I recently interviewed Andrew Dice Clay and he was talking about his experience in “The Adventures of Ford Fairlane” which you directed 23 years ago. He didn’t receive a lot of good press at the time but has been getting rave reviews for his role in Woody Allen’s latest film “Blue Jasmine.” Any thoughts about that?
I couldn’t be happier for Dice. He’s an awesome talent and a great person. I think he’s been treated very harshly over the years but has always remained resilient. I love seeing him receive the acclaim that he deserves!
Speaking of “big” movies, how is “Hercules” going, your upcoming film starring Kellan Lutz as the Greek god? Are you worried that there’s another version of the story being made simultaneously with Dwayne Johnson as Hercules?

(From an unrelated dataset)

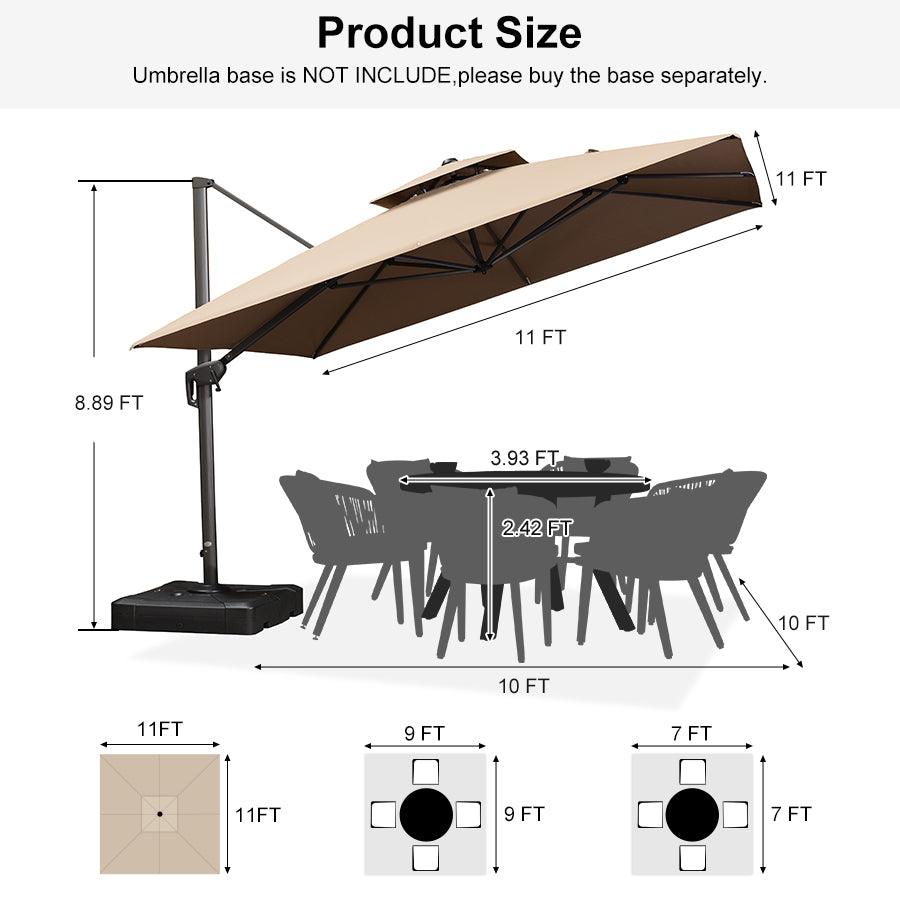 PURPLE LEAF Cantilever Patio Umbrella Gray Pole Outdoor Umbrella with UV Protection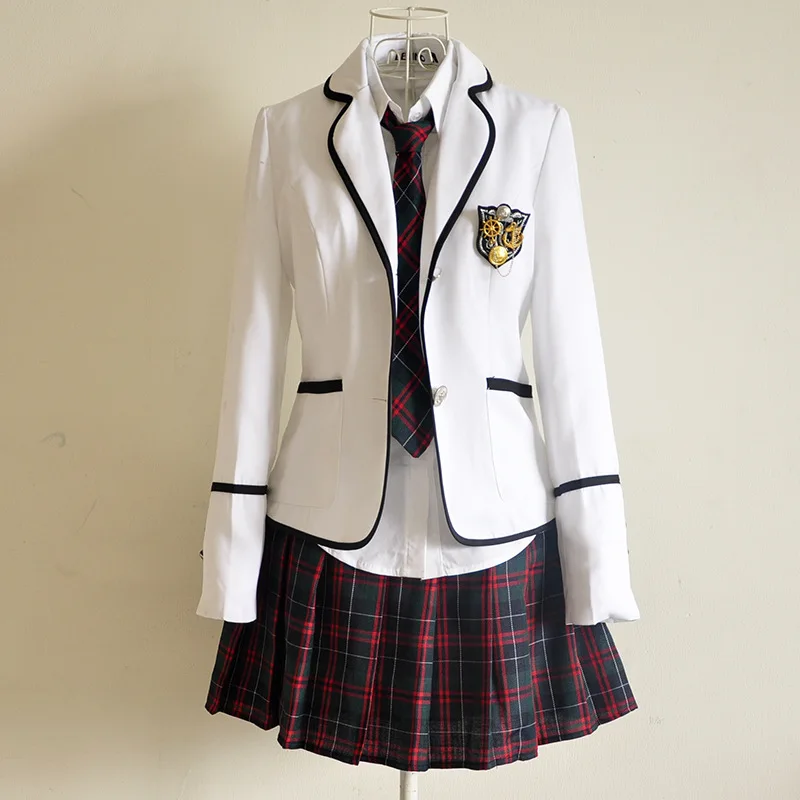 Womens & Mens British Style Japan School Uniform Full Set Cosplay Costume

“Hercules” is my dream project come true! It’s an origin story and shows how a young man learns to take responsibility in life and accept his destiny. This is very different from the Hercules stories that people are used to. The two Hercules films are very different from each other. We are dealing with a young Hercules prior to his twelve labors and my understanding is that the other Hercules film deals with an older Hercules at a much later point—the two films couldn’t be more different. Our film, at its heart, is also a love story which also features a lot of great action and adventure. Audiences have never seen Kellan Lutz like this. He’s obviously an amazing physical specimen, but here he’s also quite vulnerable and he has created an arc that conveys the growth of a young man into a hero and savior. This movie is not dark—it’s an adventure filled with hope and love.